Distill welcome down to its purest form,
and it is nothing more or nothing less
than love.

Kitti Murray
March 1, 2024
Clarkston, Georgia

These are not naïve words. We’ve tested welcome here at Refuge. And we have learned that it is costly, difficult, and wildly rewarding.

When Refuge set out to create a workforce development program, workplaces, and community gathering places that offer agendaless welcome, we might have been naïve, but we soon learned a few things:

Welcome like this doesn’t mean creating an echo chamber where we all agree. We have hired people whose earlier lives were lived on either side of wars, after all.
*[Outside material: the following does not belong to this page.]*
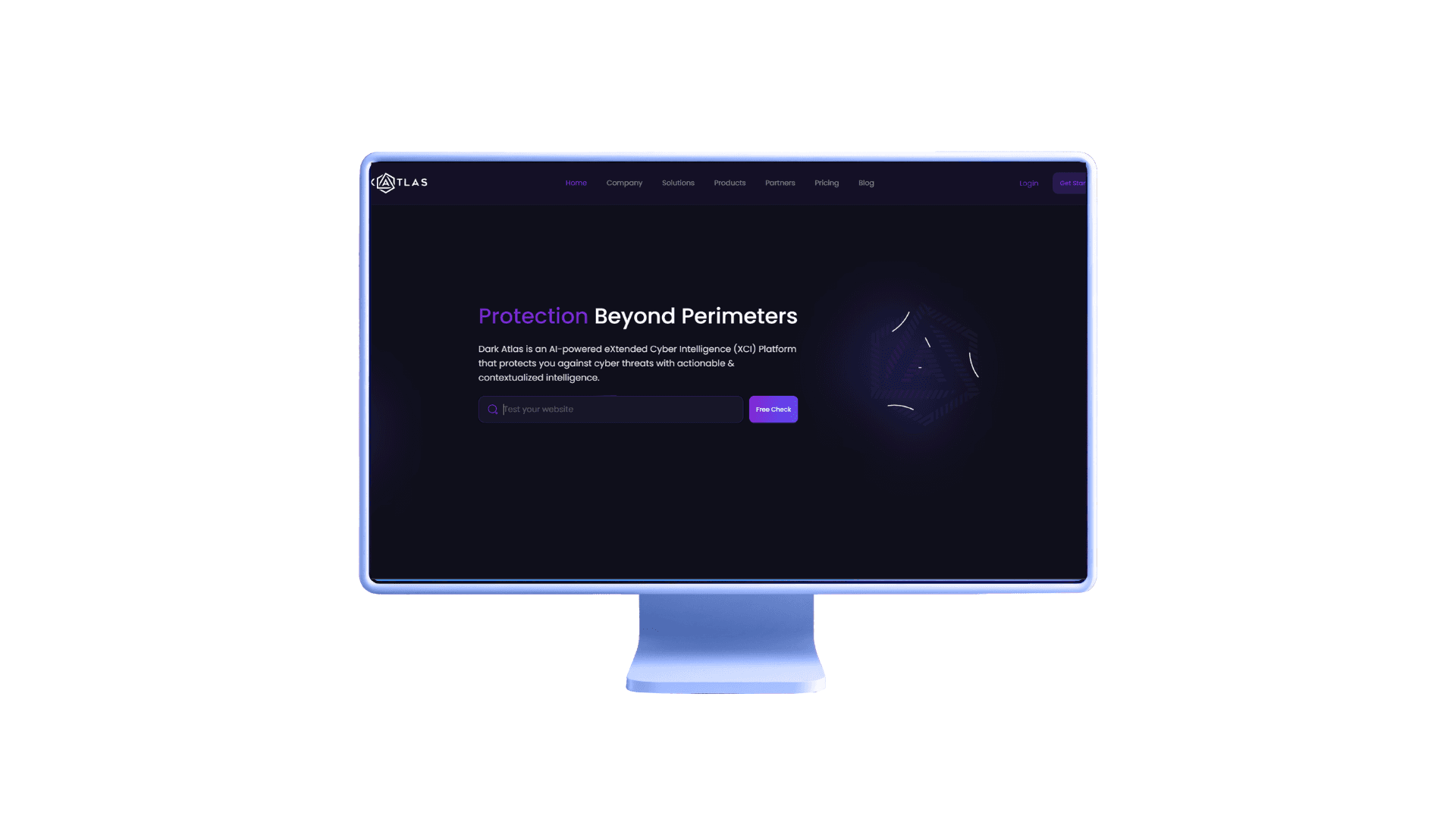 DarkAtlas Landing Page preview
We don’t all believe, vote, or live the same. We attract passionate people who support us, but who don’t always agree with us.

We have learned that to welcome is a reminder that it is a distilled form of love, to continually examine our offerings of it, to risk it, to make mistakes doing it, and to have the courage to listen to opinionated people who may or may not know how to welcome better than we do. Welcome is hard. But welcome is worth it.

We are hosting a Community Iftar dinner for our community on Friday, March 22. A few years ago, before our first Iftar, someone asked me if we planned our events based on the latest news trends. I can see how he thought that, and yet it doesn’t make sense. If we planned an event every time one political, religious, or national group committed unspeakable violence, our heads would spin. We plan many of our events in response to our neighbors’ requests. We plan them in order to ensure that the people in our communities who are the least welcomed get to experience it the most. That invariably means we will be considered side-takers from time to time. But taking sides is not our goal. Rather, our goal is to welcome everybody. To love. Those two words—love and welcome—are big enough for all the sides.

There is no side-taking that does not ultimately leave unwelcomed humans in its wake.

I need welcome. You need it. Our refugee and immigrant neighbors need it. We understand that singling out a group of people from one ethnicity or religion for one night to create a welcome space for them and for everyone else who wants to join in may offend some. But we are going to do it anyway.